As I walked home in the rain, paralyzed by uncertainty, they were gathering tools and crafting a plan.

Pinewood Springs is a speck on the map, a collection of several hundred dispersed houses inhabited by an eclectic mix. We are grizzled, aging hippies, clean-cut libertarian survivalists, yuppie commuters and none-of-the-aboves who—despite the wide range of political bumper stickers that adorn our mud-splattered vehicles—share a common quest for self-reliance. Walk our neighborhood and you hear roosters crowing and chainsaws buzzing.

Like many mountain dwellers, I like people, but only when I choose to be around them. I work from home and go days without leaving it. I smile as I jog past my neighbors, but I seldom stop to chat. I tell myself I am too busy. Really I am shy, and living nine miles from the closest stoplight has permitted me to remain that way.
But The Flood of 2013 changed me.

After the firehouse meeting, the sun broke through to reveal a bustle of activity. The next-door neighbor, Elise, came over to trade garden-fresh zucchini for tomatoes.

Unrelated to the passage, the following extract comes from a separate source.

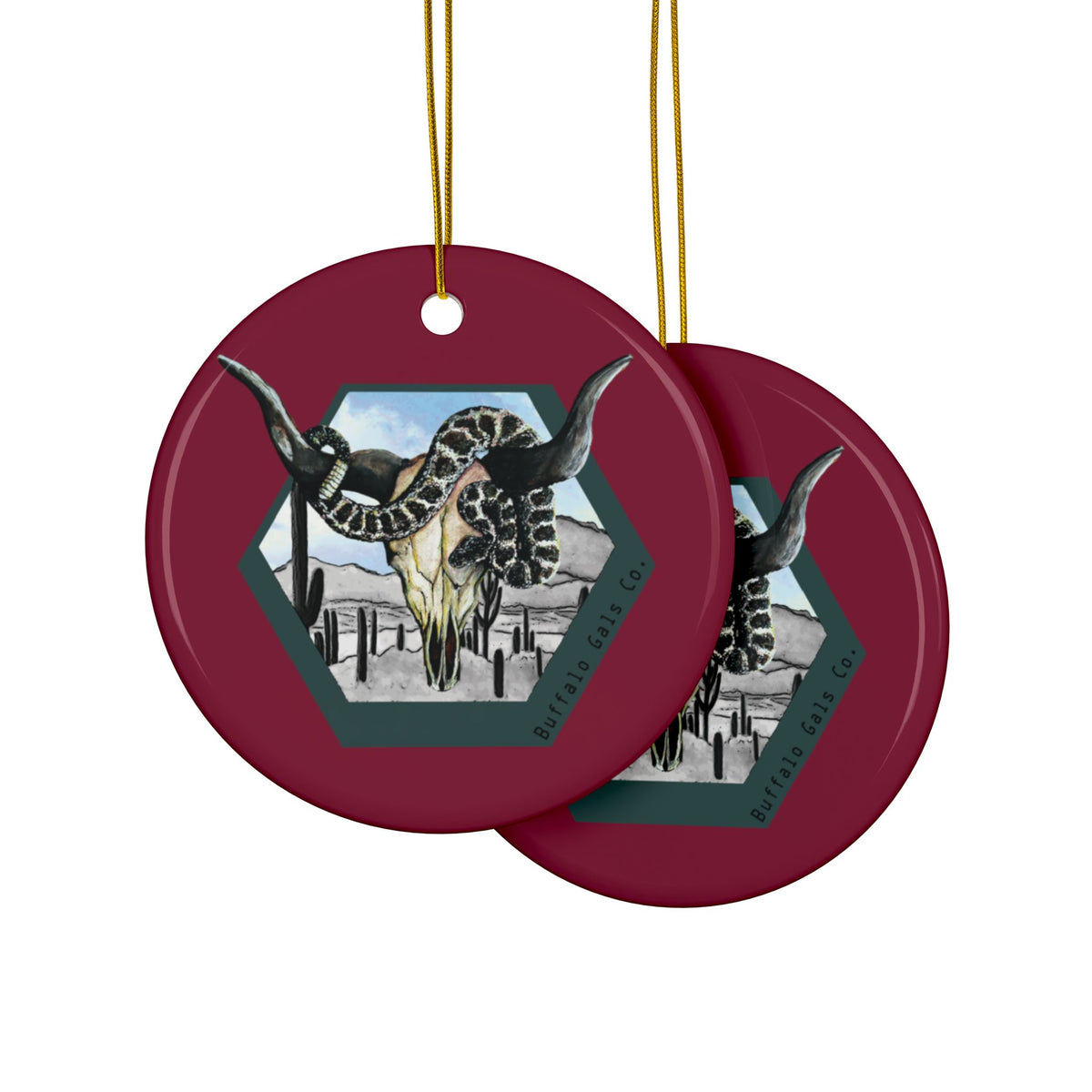 Ornament - "Diamondback Desert"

Denise, from down the road, stopped in to use the half-bar of cell service we’d discovered we could get from one spot in my 14-year-old’s bedroom. Denise wept as she told her sister she was OK. To show her gratitude, she showed up with three bags of groceries to stock our barren cupboard, and a generator for my husband to use after we’d all flown out.

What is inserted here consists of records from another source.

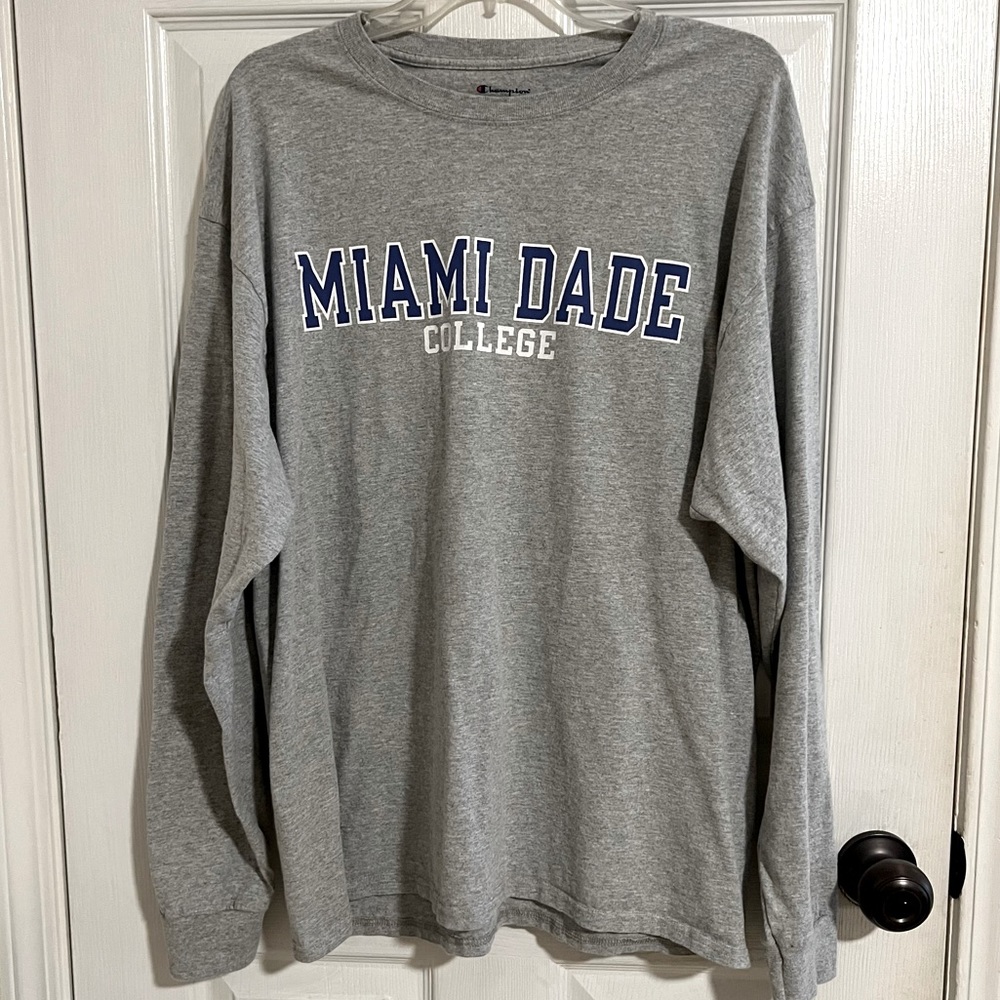 Miami Dade College Gray Long Sleeve T-shirt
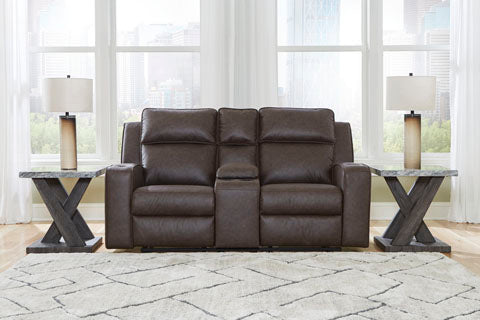 Lavenhorne Umber Reclining Loveseat 6330694 - Darseys Furniture & Mattress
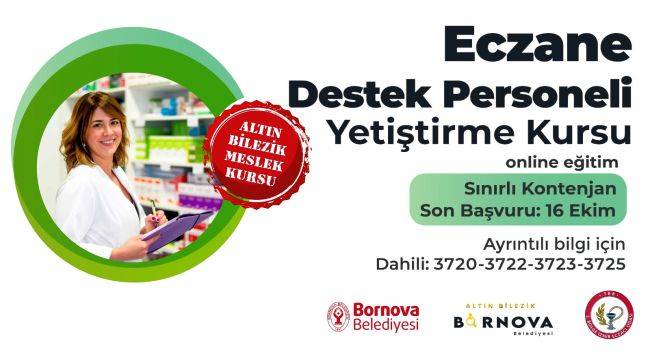 Bornova'da hem iş arayan gençlere, hem eczanelere destek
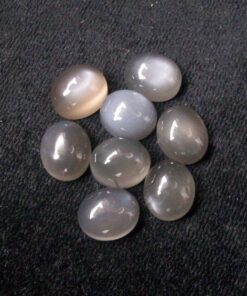 7x9mm gray moonstone oval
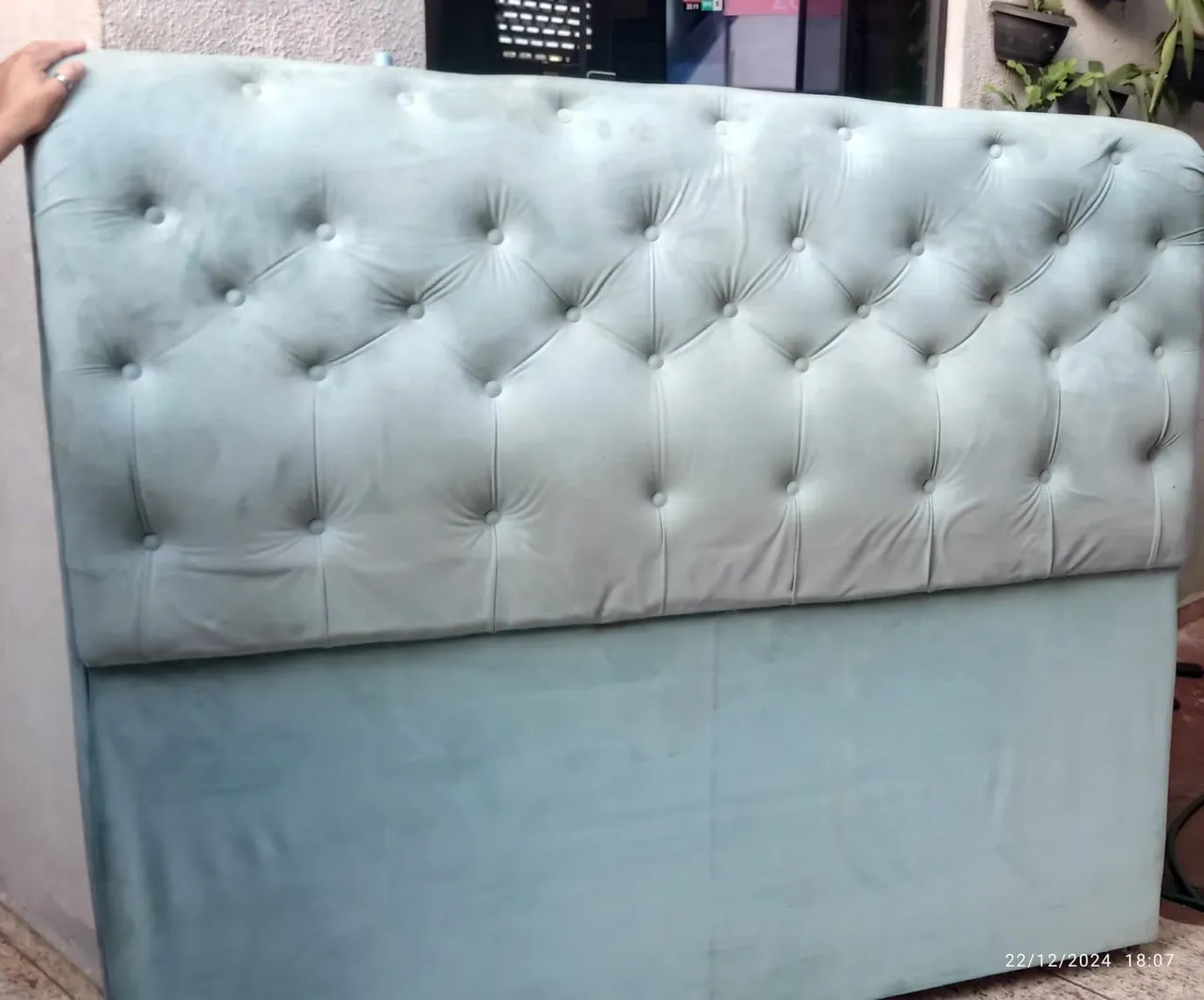 Cabeceira de Cama Queen - Azul Claro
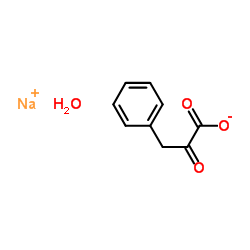 Phenylpyruvic acid sodium salt monohydrate structure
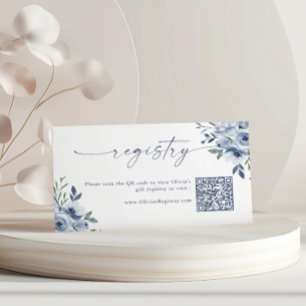 Correspondance Carte florale de registre de cadeaux de code QR Qu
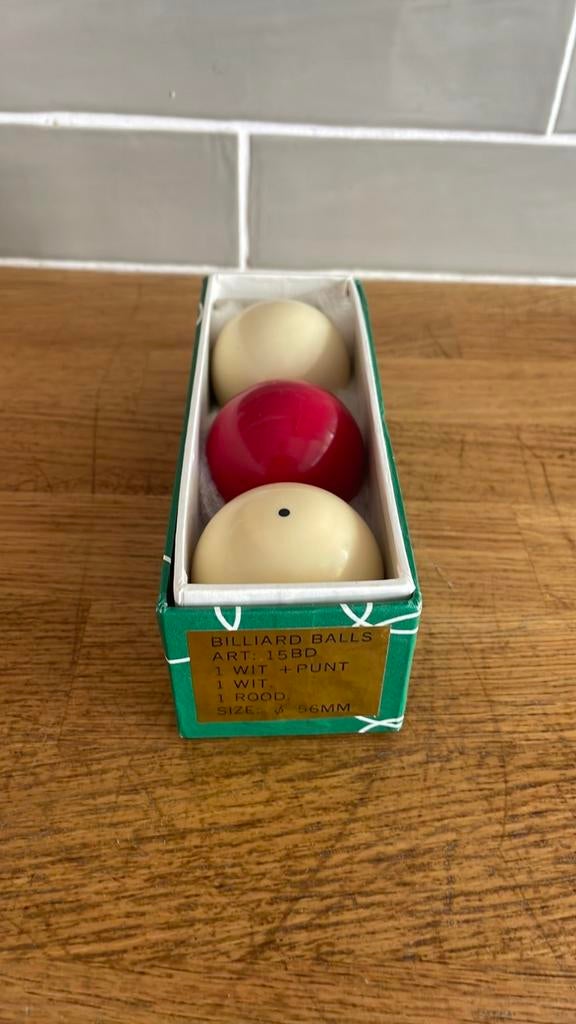 55 Sets Biljartballen 56mm NIEUW IN DOOS, Sport en Fitness, Biljarten en Poolen, Ophalen of Verzenden, Nieuw, Keu of Ballen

We walked down our washed-out road to the Colorado Cherry Company. With their stocked freezers thawing and fresh pies going to waste, the managers had generously opened their doors, offering up their limited propane for impromptu potlucks of homemade meatballs and quinoa casserole. Wine and beer flowed. A paper bag on the counter read “donations.” I milled around, exchanging embraces with people whose faces I’d seen for years but whose names I did not know.

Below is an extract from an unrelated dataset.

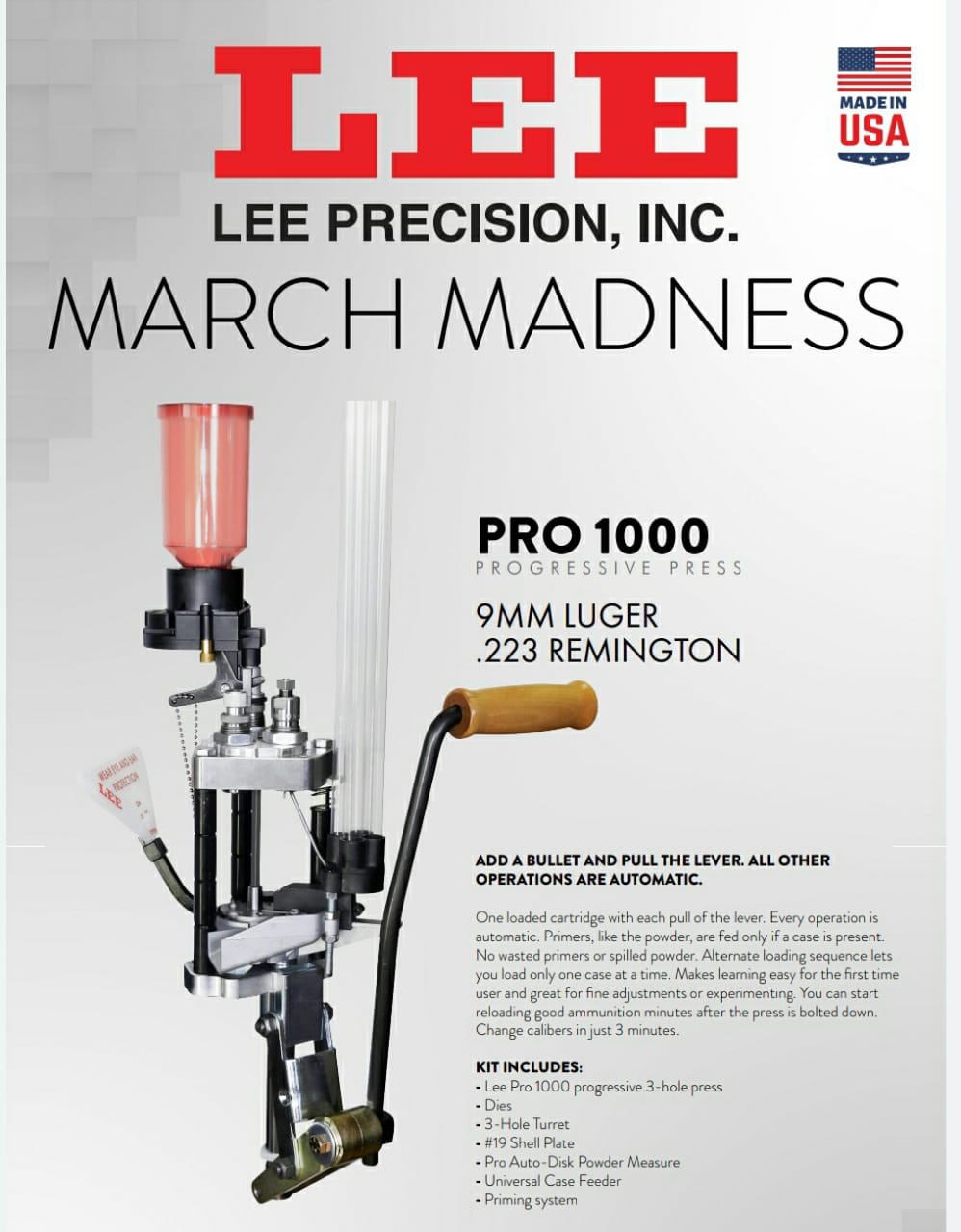 Lee Pro 1000 9mm Luger .223 Remington - Boendoes Hunting & Outdoor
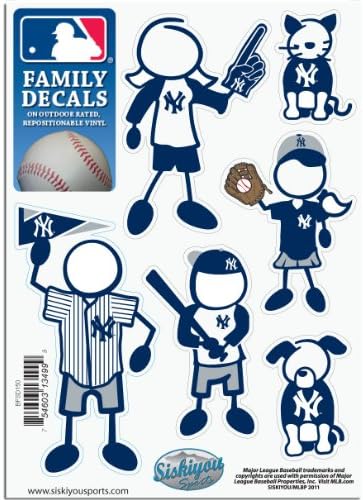 MLB New York Yankees set malih obiteljskih naljepnica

A rumor was circulating: A group of guys on ATVs had scoped out an abandoned stagecoach route toward Lyons that—with some work and the blessing of landowners—could probably be passable to 4 wheel drives. If we waited a few days, at least we could drive our vehicles out. I was skeptical, and sticking with the plan.

The next morning, the military Chinook touched down next to the fire station, its spinning blades blasting us with a blistering wind as our line of weary refugees filed toward it. My two daughters marched ahead, relieved to be out of the chaos. But my stocky Rottweiler tugged frantically, wanting to stay behind with my husband. When I finally took a seat, my dog trembling in my lap, I felt the urge to ask the pilot to turn around. 

Instead, I just cried.

Five days later, after renting a house a few blocks from my kids’ school in Estes Park, I decided to drive in as far as possible and hike home to convince my husband to come live with us (eventually, he obliged). My hands clutched the steering wheel as I headed east on the remaining but battered westbound lane of U.S. Highway 36 in the pouring rain. On the other side of the yellow line, slabs of black asphalt dangled like creased paper toward the retreating river. 

When I arrived at the first football-field-length gash in the road, I was shocked at the progress I saw.

Using salvaged guardrail, donated two-by-fours, and hand tools, a resourceful band of locals had crafted a wide, flat walking/ATV path alongside the jumble of asphalt chunks. Residents filed in and out, some carrying in chicken feed or fuel, others carrying out winter clothes. Someone had even placed two potted flowering plants at the entrance—a cheerful welcome to our resilient village.  The fabled 4-wheel-drive road to Lyons had also become reality. A neighbor named Vashek Berkah, who had fled Czechoslovakia in the 1980s, lived in a refugee camp and survived Hurricane Andrew in 1992, had helped to organize a crew to improve it, and spent three days working with the help of Hot Shot firefighters and volunteers. As a result, 200 motorists were able to drive their vehicles out. “We are not strangers to emergency,” Berkah told me later. “Life happens. You deal with it.”

As public utilities and government agencies struggled to reach us, the 75 or so residents who remained on Pinewood Island got an impressive head start toward cleaning up the mess. A makeshift security council patrolled the neighborhood to fend off looters. Others filled in ditches or cut up fallen trees. For those of us who, for work and family reasons, remained in exile, a local marketing whiz created a website and painstakingly updated it to keep us posted on what was happening at home.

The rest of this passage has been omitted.